Should we have a Grace period to avoid premature Voting to Close and Reopening Cycle

(and more)

This thing is bothering me for some time already, especially after the migration of many users who do more or less exclusively reviewing on the site but not much of actual content contribution. Not that I am dismissing or underestimating the effort that goes in but there is a fine line between having a lust-driven relationship with review buttons and actually reviewing the questions properly (which means once in a while clicking that $%$%^#& Skip button if you don't have any idea about the subject).

Fun fact; I have tried a few identification experiments such that I found a recently closed question and then voted for reopening (i've chosen closed-with-valid-reasoning ones to maximize the effect) and some users who actually voted for closing also voted for reopening. Now no need for calling names for this but, if you excuse my French, this is bullock-cart-pulling-bullshit (emphasis is mine).
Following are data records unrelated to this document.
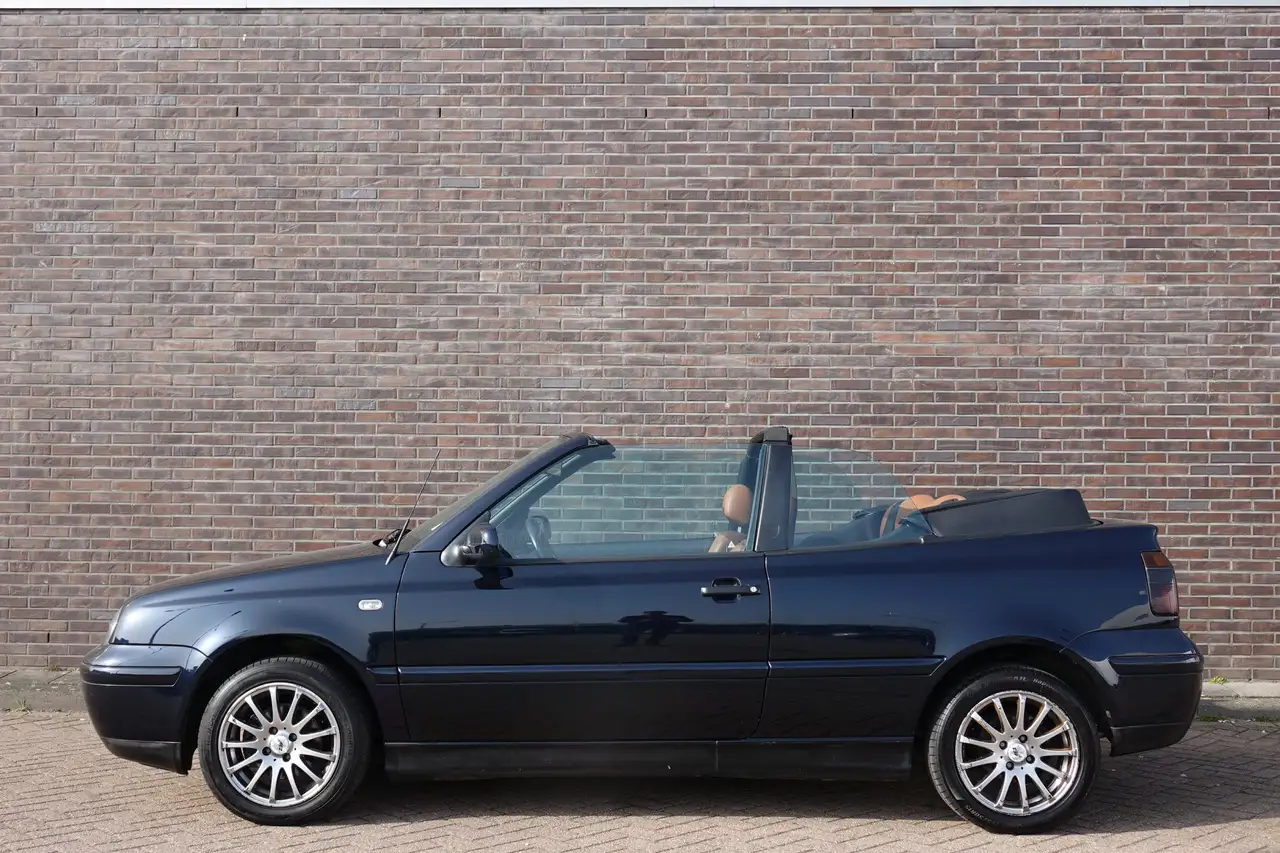 Volkswagen Golf Cabriolet 1.8 Highline, blauwe stoffen elektrisch bediende k, foto 3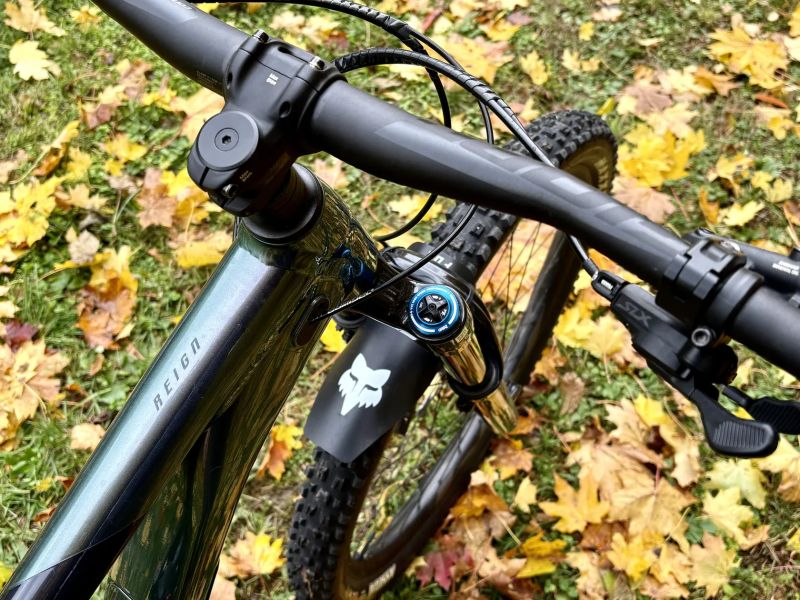 Prodám Giant Reign 1 zánovní enduro kolo koupené 8/2024 najeto pouze ca. 300km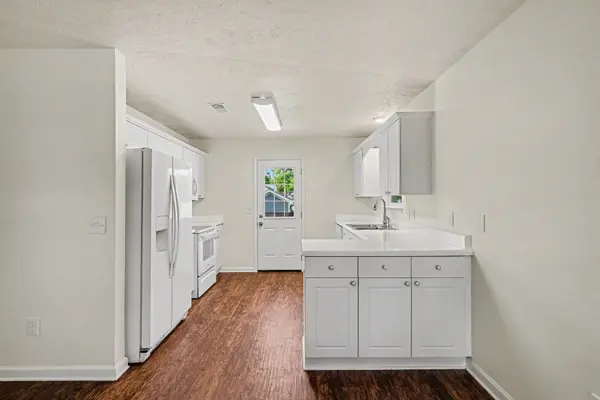 1513 Waxman Dr, La Vergne, TN 37086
Now, I don't know why you hang out here but I like being borderline useful while learning a lot. Also, as a recent-beginner of Python and Linux, I really feel the pain of some of the users that ask quick questions with haste because sometimes you really don't know what else to do and having copy/pasted every damn solution on SO or any other place, it quickly becomes a mess. Last thing you need is to put n-propeller-powered-jetillion nuances/rituals about what the site rules are or whatever the forum owners' girlfriend implemented somewhere. With a little bit of effort and gentle nudges, most new users give in without any sour feeling and make a MWE, it takes time and patience and we have a lot of it in here. Or had. Now all I see is dictating comments on how things operate here and if you don't obey my warning, I'll call my mod brother and he'll whoop yo ass. attitude.

Hang on; another thing needs to be out-of-the-way; There are these things called Stackexchange network rules, nobody knows who come up with them and why but in their own environement they make sense (I hope). And through some law-abiding-never-law-questioning citizens of that network we are introduced to these things.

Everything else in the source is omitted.